In the NZ Herald, Fran O’Sullivan writes that ‘John Key is doing the right thing in Iraq.’ Painting him as “a craven servant of the White House – a United States lapdog happy to send New Zealand troops into harm’s way to serve America’s Middle East interests” is “an outrageously naive and insulting allegation” that will ” leave John Key smarting”. Fran makes no mention of the fact that the PM’s decision will leave a lot of people dead. She berates the New Zealand body politic – and journalists – for not rising above “the reflexive anti-Americanism that remains embedded here despite successive bi-partisan measures by Helen Clark’s and Key’s governments to normalise relations with Washington and look at the wider picture before casting their stones.” For Fran, it seems the stone casting has already reached these shores. What is outrageous and insulting is that she is the one who refuses to look at the wider picture. We were anti-America’s last invasion of Iraq and, as history has proved, rightly so. The wider picture, Fran, shows that John Key is doing the wrong thing in Iraq.
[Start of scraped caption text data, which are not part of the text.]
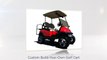GolfCartsOutlet.com Offers Used Electric Golf Carts with Numerous Add-Ons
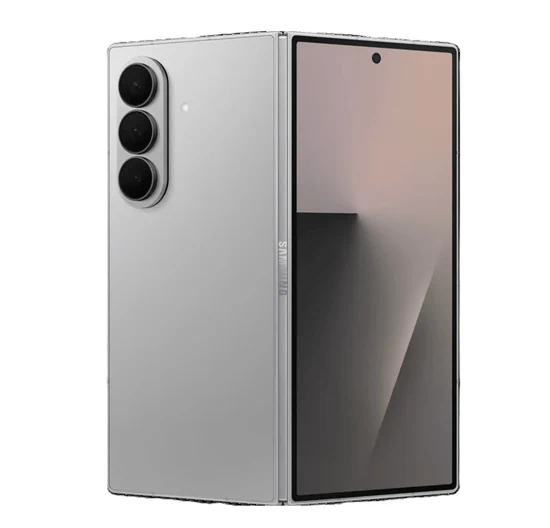 יבואן רשמי-טלפון סלולרי Samsung Galaxy Z Fold 7 6.5" SM-F966B/DS 256GB 12GB RAM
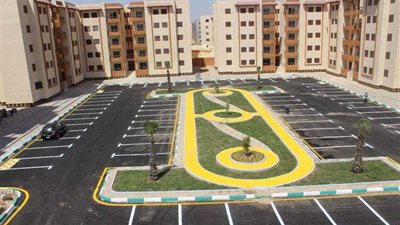 مدبولي: الانتهاء من 5 آلاف وحدة إسكان اجتماعي بحي الزيتون.. وتخطيط 476 فداناً لإنشاء 10 آلاف وحدة أخرى بالمشروع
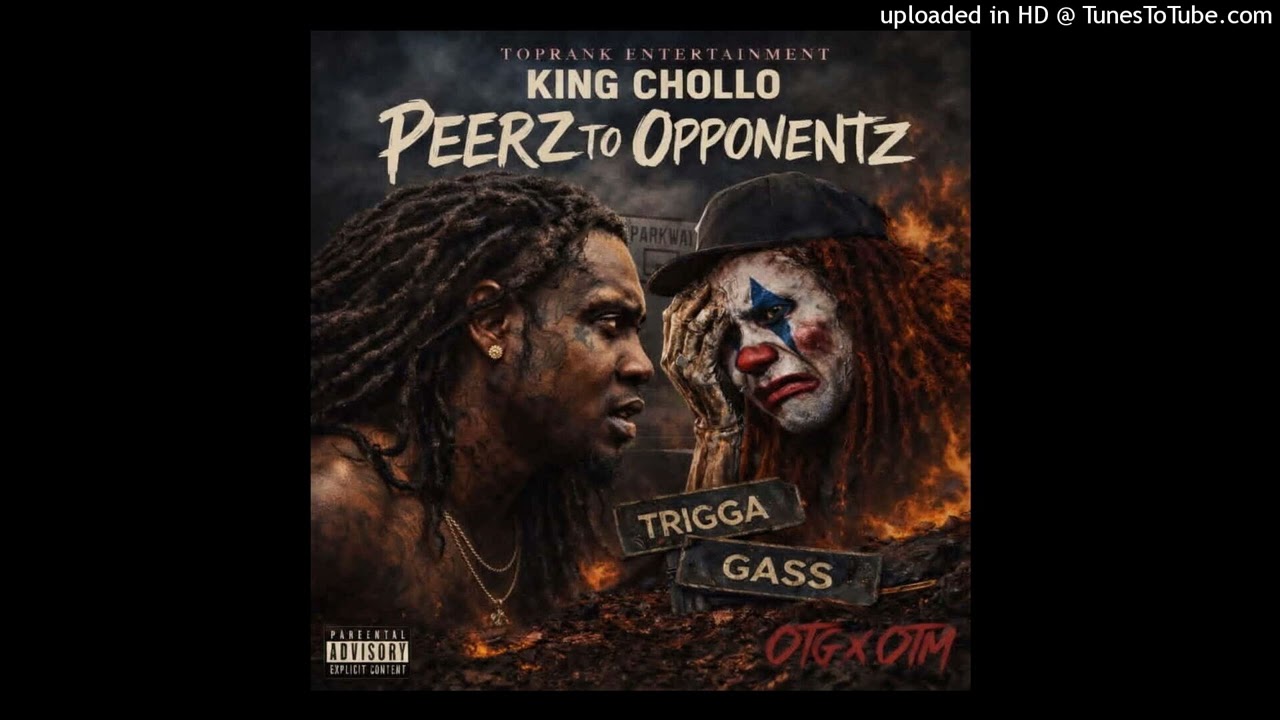 King Chollo -Peerz 2 Opponentz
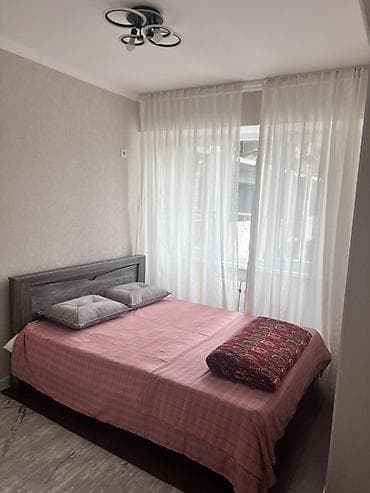 2 комнаты, Душевая кабина, Постельное белье, Кондиционер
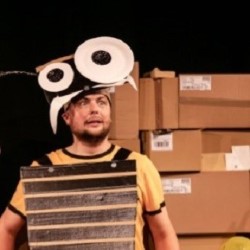 Beetlemania: Kafka For Kids. Beetlemania: Kafka For Kids.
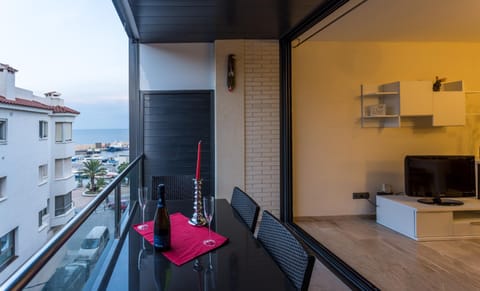 Hauzify I Apartament Altamira Apartment in L'Ametlla de Mar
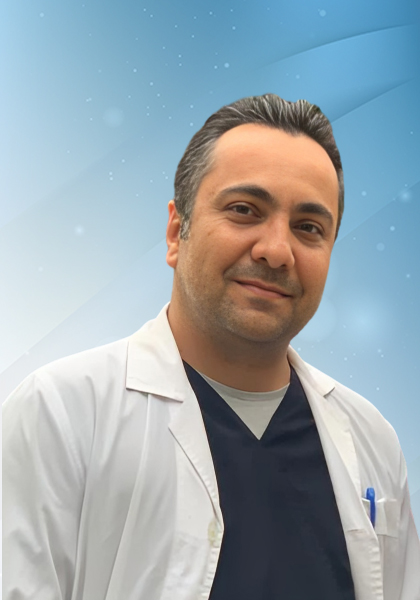 دکتر امیر فیضی فر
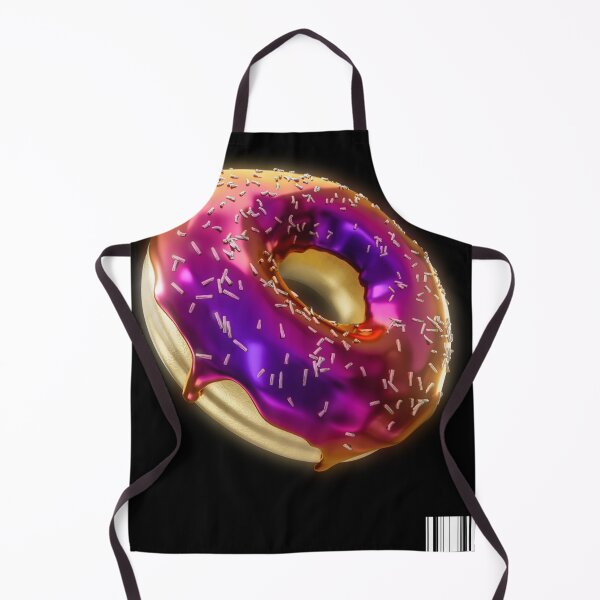 Item preview, DONUT designed and sold by JEPHYR.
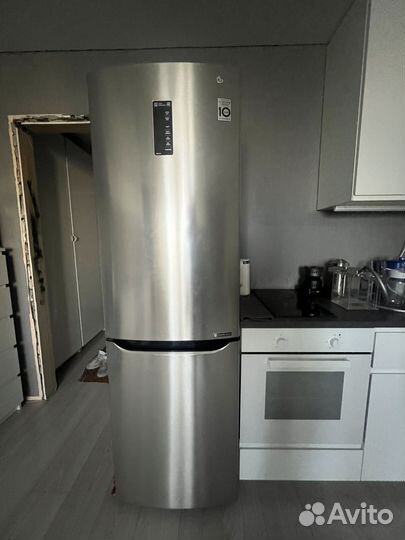 Холодильник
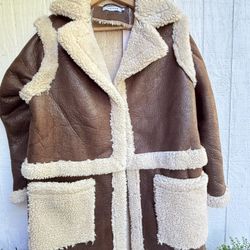 Convertible Coat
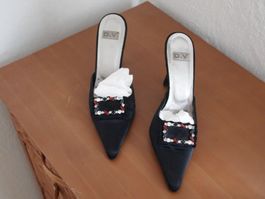 D & V Sandalen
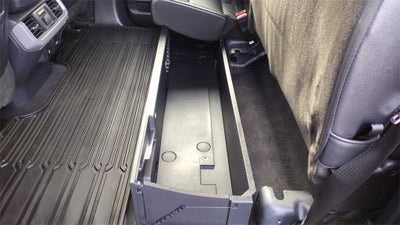 2024 Ford F-150 Lariat 502A Whipple Supercharged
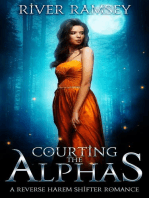 Courting the Alphas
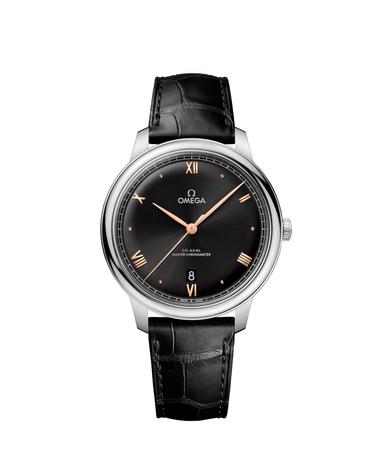 OMEGA De Ville Prestige 40 Referenz: 434.13.40.20.01.001 Produktbild 0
A defining act is concealed a meaningless gesture. Those few troops represent a necessary statement to old friends and a never-to-be-forgotten introduction to new enemies. Under this Prime Minister, New Zealand stands for war not peace. He sends us to Iraq to stand beside our friends and help out with the killing’. How brave and honourable is that, Mr Hosking? How brave and honourable is that?
Call me gutless, but I agree with Russel Norman: “When it comes to Western military interventions in Iraq, New Zealand and the world has been there. We have done that. It did not work. It was a mess. If we want to find lasting peace in the Middle East, we need to be a voice of justice. We need to be a voice for human rights and democracy. This means we have to have the courage of our convictions, to tell the head of the club, the great nation of the United States of America, that it is time to wean ourselves off cheap oil and it is time to support genuine peace, democracy, and human rights in the Middle East.”
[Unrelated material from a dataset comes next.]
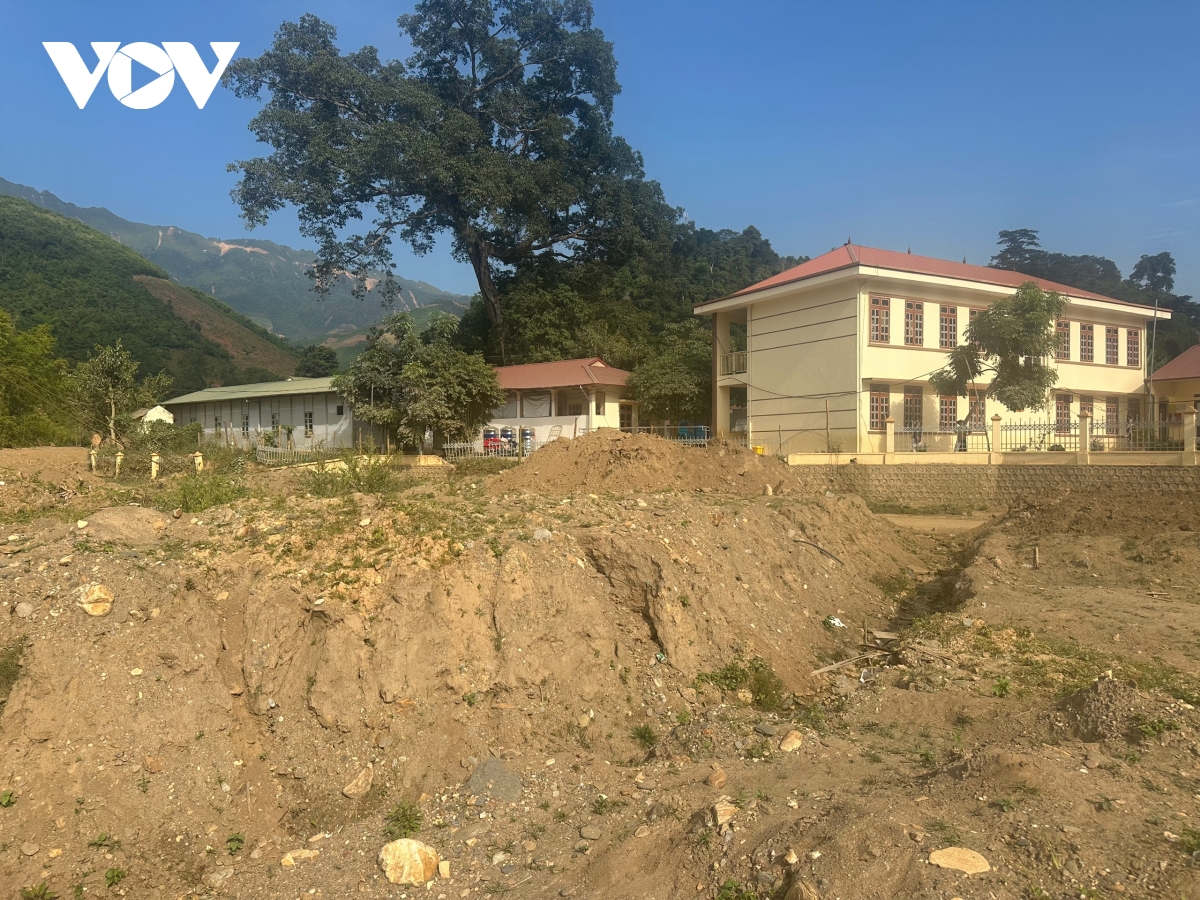 chia sẻ khó khăn với vùng ảnh hưởng thiên tai ở sơn la hình ảnh 5 chia se kho khan voi vung anh huong thien tai o son la hinh anh 5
Call me gutless, but I agree with John Armstrong: John Key is not winning the debate: “The essential problem is with the training role. No one has any confidence it will make even a skerrick of difference to what ultimately happens in Iraq. If that is the case, the deployment becomes nothing more than a manufactured exercise in flag-waving designed to satisfy the Americans, rather than dealing to Isis. Surely the days when New Zealand was so compliant and so submissive to Washington’s wishes are long over. But it seems not.”
Declaring this country a nuclear-free zone was a brave and honorable call. Glibly and without purpose or principle, John Key has let the war genie out of the bottle. Like Dean Barker, I’m gutted.